Il est écrit: TA PAROLE EST LA VERITE(Jean 17.17)... cela me suffit !

ÉTUDES CHRÉTIENNES

Hérode Antipas

***

Caractéristique, ou Vérité des caractères de quelques

personnages du Nouveau-Testament.

(Extrait d’un ouvrage inédit.)

En général toutes les actions d'un homme portent plus ou moins le cachet de son caractère. Des circonstances les plus diverses de sa vie percent toujours quelques indices de la tournure de son esprit, du degré de sa moralité, de sa tendance, de sa passion dominante. Cela est si vrai qu'il nous suffit parfois de parcourir quelques pages d'un livre pour en reconnaître l'auteur, ou d'entendre le récit d'une action d'un de nos amis pour deviner son nom. Mais si ce cachet se retrouve aisément lorsque la nature le pose, il est bien difficile à l'art de l'imprimer d'une manière pure, et c'est une des plus grandes perfections d'un romancier que de bien soutenir les caractères de ses personnages.

Maintenant, à ceux qui ont lu le Nouveau-Testament je pose cette question: Si dans les lignes disséminées sur tout le volume, se trouve, entre les diverses actions, paroles, gestes, sentiments attribué à un même personnage, un ensemble dont chaque partie concourt à orner un tout parfait, un caractère naturel, un type connu, ne sera-ce pas une preuve puissante de la réalité de ce personnage, de la vérité des faits de sa vie, et, par conséquent, un indice de véracité, de sincérité chez les écrivains qui nous en ont parlé aussi fidèlement?

Et si ainsi j'établis que ces écrivains ont été fidèles dans ce qu'ils ont rapporté des hommes qu'ils font parler et agir, ne suis-je pas autorisé à conclure qu'ils n'ont pas dit de faix dans le reste de leurs écrits, dans les récits miraculeux?

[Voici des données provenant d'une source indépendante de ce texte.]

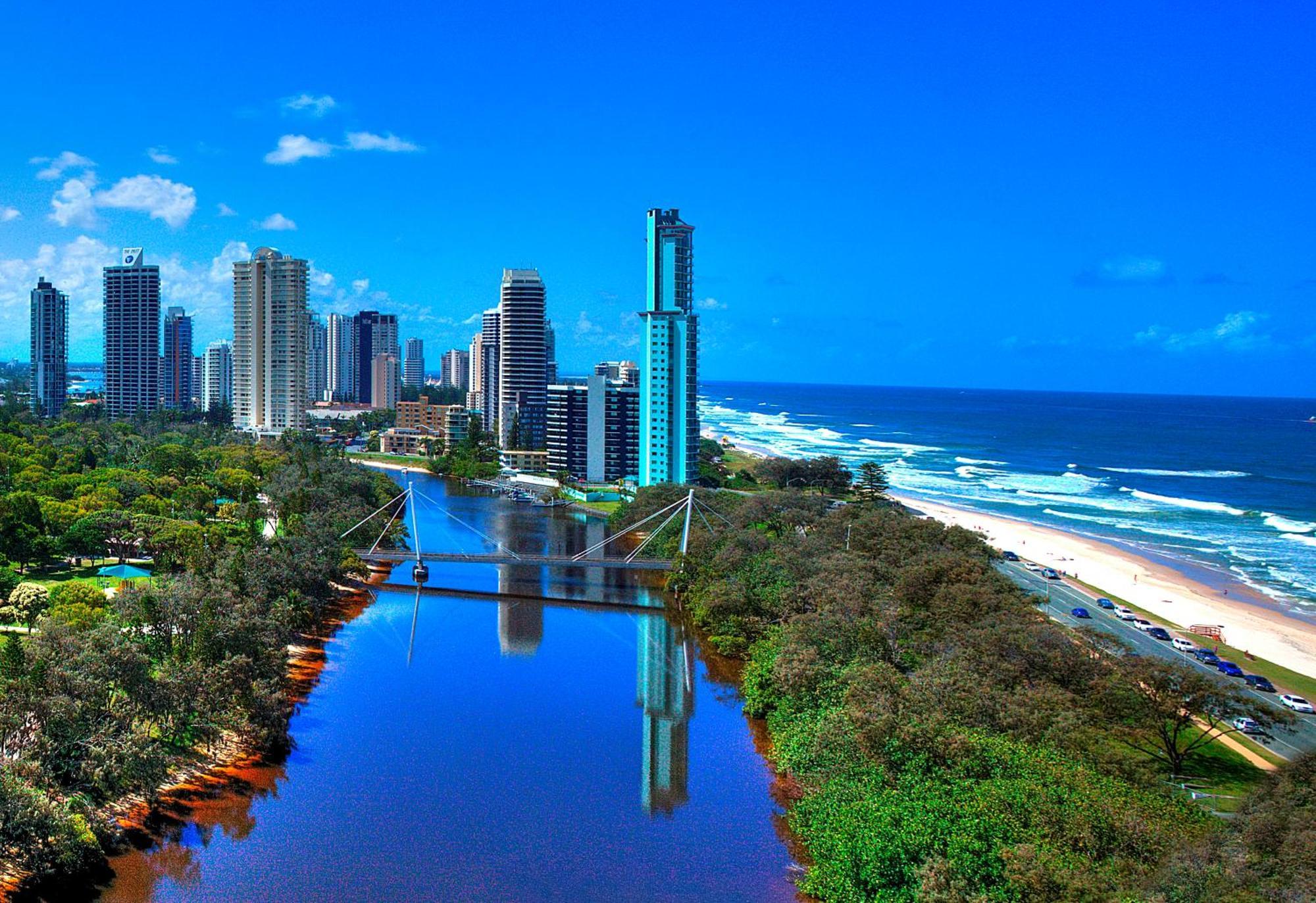Narrowneck Court Holiday Apartments Gold Coast Exteriér fotografie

Un auteur est-il vrai, sincère dans une partie de son livre jusqu'à la minutie, et imposteur et faux dans le reste jusqu'à l'absurde? Je ne le pense pas.


Un doute cependant pourrait encore rester dans l’esprit. Ce naturel, cette identité de caractère ne seraient-ils pas le résultat de l’art chez les écrivains qui auraient voulu donner ainsi plus de vraisemblance à leur récit?

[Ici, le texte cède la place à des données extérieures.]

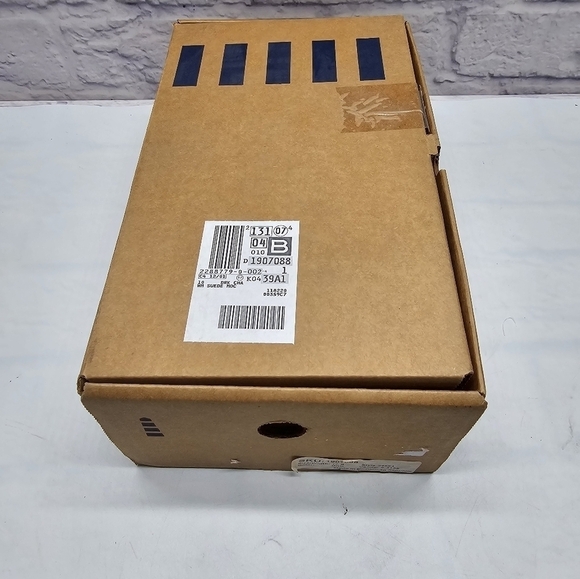 Lands End Womens Flats Loafers 10B Suede Leather Bow Slip On Driving Shoes - Picture 8 of 9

Je conçois qu’on fasse cette objection à priori, mais certainement elle sera dissipée par la lecture de ce qui va suivre. En effet, les indices de vérité que nous ferons remarquer sont si détournés, si cachés, qu’il faut une étude attentive du texte pour les apercevoir. On peut dire qu’ils sont arrachés à l'écrivain à son insu; ce n’est souvent qu’une phrase, qu’un mot, phrase et mot placés là dans un tout autre but, qui révèlent les caractères que nous voulons peindre. Nous choisissons pour cet article LE CARACTÈRE D’HÉRODE ANTIPAS.

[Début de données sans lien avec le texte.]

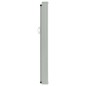 Tenda Laterale Retrattile per Patio 140x500 cm Nera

Après avoir étudié le caractère de ce tétrarque, nous y avons trouvé une telle unité qu’il nous semble qu’un seul mot pourrait peindre toute cette vie. Ce mot nous ne le trouvons pas, et faute de mieux nous lui substituons celui d'HOMME FAIBLE.

La faiblesse de caractère conduit souvent aux actions les plus disparates, à n'en juger que par leurs apparences.

La conduite d’un homme faible est entièrement dépendante des circonstances et à la merci de ceux qui l’entourent.

Bien conseillé, il fera le bien, entraîné qu’il sera par la supériorité morale ou intellectuelle de celui qu’il consulte.

Mal entouré, il cédera encore à l’impulsion qui lui sera imprimée, la vanité ou la crainte ne lui permettant pas de suivre son propre mouvement.


L’homme faible n'embrassera pas la foi, parce qu’elle exigerait de lui une conduite ferme et conséquente avec ses principes, mais il s’adonnera volontiers à la superstition qui n'exige de lui que des devoirs créés par sa propre imagination.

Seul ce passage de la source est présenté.